Hello! Thank you for installing the snaggr package. snaggr (Snag Google Reviews) is a Python package developed by Deon Posey and is designed for Python programmers and data scientists with some experience in Selenium, as it heavily relies on classes and methods from the Selenium package. However, snaggr abstracts most of the underlying code, simplifying the process of automating and scraping Google review pages for any given hotel.

Currently, this version of snaggr is specifically tailored to scrape Google review pages for hotels. While Google provides reviews for various types of businesses, each category has a different HTML layout and page structure. Expanding snaggr to handle other business types, such as restaurants, is planned for future versions. For now, this package enables you to easily gather data for natural language processing, sentiment analysis, or any other analysis you wish to perform with the acquired data, without the concern of being IP banned.

Installation

pip install snaggr

Usage

This version of snaggr includes two useful functions for scraping google reviews:

  • collect_hotel_google_reviews(google_review_url, options, service, max_scroll_time=360, dataset=None)
  • collect_multiple_hotels_google_reviews(urls, options, service, max_scroll_time=360, dataset=None)

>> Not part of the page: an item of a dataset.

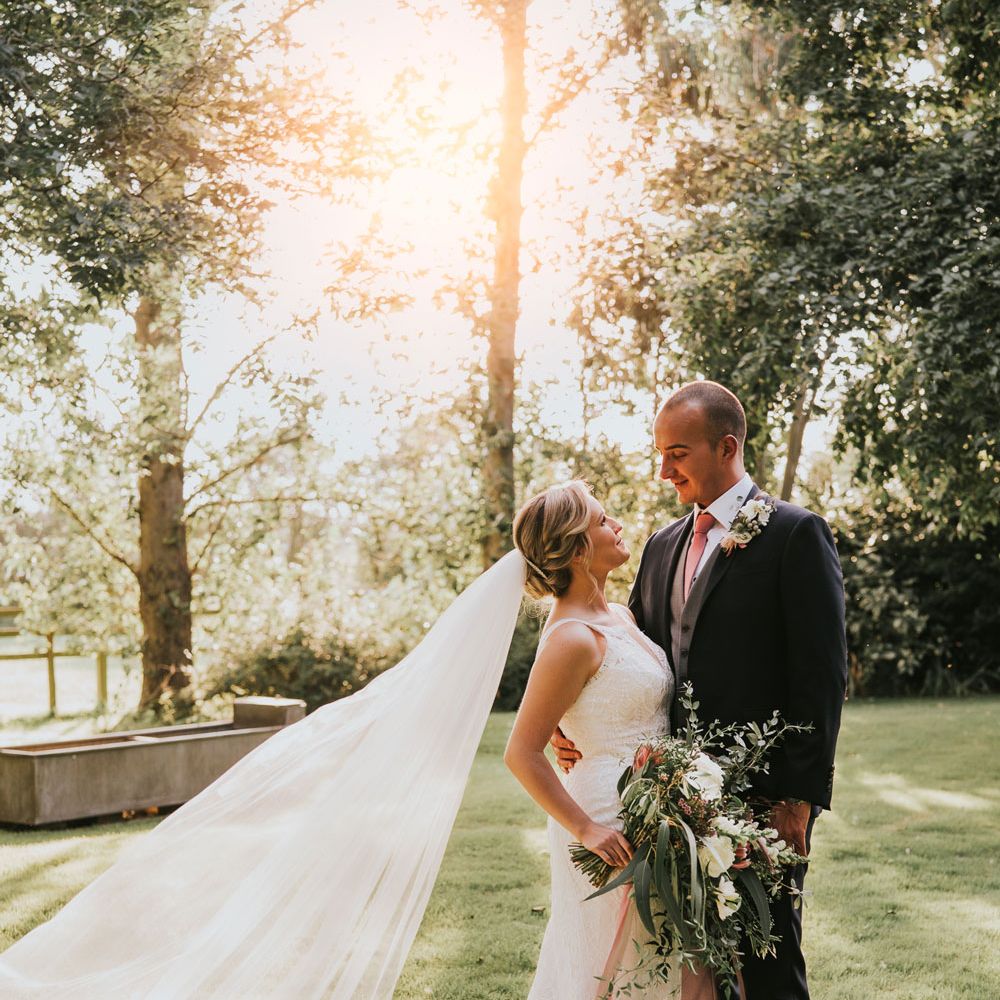 Bride in white lace Justin Alexander wedding dress with train and veil holding white, pink and green bridal bouquet stands with groom in dark three piece suit with pink tie in the gardens at Tythe Barn wedding with barn wedding flowers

collect_hotel_google_reviews

This function takes the following parameters:

  • google_review_url: The URL of the Google review page.
  • options: An Options object imported from selenium.webdriver.chrome.options.
  • service: The location of your web driver's binary executable.
  • max_scroll_time: An optional argument (default value is 360 seconds) that determines how long snaggr should scroll down the webpage.
  • dataset: An optional argument (default is None). If provided, it should be a CSV file or a path to a CSV file with the columns: 'reviews', 'ratings', 'grade', and 'sentiment'. If not provided, snaggr will create a new file called snaggr_file.csv and append the scraped data to it.

collect_multiple_hotels_google_reviews

This function takes a list of hotel Google review URLs and runs collect_hotel_google_reviews simultaneously on each webpage using the threading module from the Python standard library.

Example

import snaggr
from snaggr import *

options = snaggr.Options()
options.binary_location = 'C:/PATH/TO/chromedriver-win64/chrome-win64/chrome.exe'
options.add_argument('--no-sandbox')  # Disable sandbox mode

service = snaggr.Service(r"C:\PATH\TO\chromedriver-win64\chromedriver.exe")

GILA_RIVER_RESORT_REVIEWS_URL = 'https://www.google.com/travel/search?q=casino%20hotel&ts=CAEaNwoXEhU6E01hcmljb3BhIENvdW50eSwgQVoSHBIUCgcI6A8QBhgMEgcI6A8QBhgNGAEyBAgAEAAqBwoFOgNVU0Q&ictx=3&qs=CAAgACgAMidDaGtJMjRIXzRaeWRnb2pwQVJvTUwyY3ZNV2hqTm5Sb01ITmtFQUU4DUgA&ap=KigKEglp-Lc_bbQ1QBG8MyQ4gwNdwBISCXQhEinzFUZAEbwzJDj7UFvAMAC6AQdyZXZpZXdz'

collect_hotel_google_reviews(GILA_RIVER_RESORT_REVIEWS_URL, options, service)

The code above will:

  • Open your specified Chrome driver web browser.
  • Navigate to the webpage associated with the URL value stored in GILA_RIVER_RESORT_REVIEWS_URL.
  • Scroll down that page for the default value of 360 seconds.
  • Snag all the reviews and their associated ratings.
  • Export the data into a CSV file with appropriate sentiment labels and 'grades' which the sentiment label was last derived from.

-This version removes the reviews that were translated by Google, as they can be mistranslated and have a negative impact on NLP models. In future versions, this will be optional.